Today, we are going to release the 50th update of IPFire 2.9. Because of that fact, a more detailed report:
How time flies. Already 6 years ago, IPFire was forked from the IPCop codebase to break new ground. Ways should be differentiated from its predecessor, to make installation, configuration and securing a small office and home networks easier and more functional.
The project grew further and further and after two years version 2 was born. This was completely distinct from the predecessor IPCop except of the idea, the web user interface and the installer. But really new was the basis IPFire was now working on: Linux kernel version 2.6 and the completely updated userland were compiled with GCC 4 – that still rings a bell by those who had to deal with that then. A milestone in the eyes of the developers who finally built a packet management system that is responsible for the installation of additional features but most importantly handles updates as well.
Since 44 months and 50 core updates, IPFire is working better than on the first day. The developers keep working on little updates that improve the base system and addons, but also bring major updates on the way. That is why the system runs very great on recent hardware and keeps up with new technology. A very special attention is paid to safety-critical problems. Many security issues of third party packages have been patched, tested and delivered only within a couple of hours.

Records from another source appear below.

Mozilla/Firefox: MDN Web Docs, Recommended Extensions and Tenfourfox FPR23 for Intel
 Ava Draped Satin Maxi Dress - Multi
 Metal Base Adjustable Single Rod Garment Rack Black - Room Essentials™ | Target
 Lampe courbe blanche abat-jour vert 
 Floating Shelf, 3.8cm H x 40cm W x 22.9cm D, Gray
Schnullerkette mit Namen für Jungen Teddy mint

You cannot find these things in some other free projects: Today, it is also the great third anniversary of the last update for the well-known firewall distribution IPCop. We often get asked if there is still any active development in the project and if there was not a “version 2.0” in alpha state. Comparing the development of IPFire and IPCop, one can easily see, that IPCop is hardly there where the IPFire project already has been four years ago.
Currently, IPCop is based on the Linux kernel 2.4, which is hardly maintained by the kernel developers, but however there has been no update that has found its way into the IPCop distribution. Libraries and externally maintained addons are not supported by their upstream projects for a long time and most notably, the hardware that IPCop is supposed to run on is not supported by that old codebase anymore. IPFire got rid of these problems a long time ago!
In Core Update 50, which is released today, there are updates to the packages squid (version 3.1.14), Python (version 2.7.2), apache (Version 2.2.19) and smartmontools as well as collectd.
From now on, IPFire is installable and configurable in Polish language and there have been a couple of small issues removed on the web user interface.
At last, I want to say thank you to all the people who helped IPFire on its way to become what it is now. We hope to receive such a great support by the community and all interested people in the future, too. Thank you all.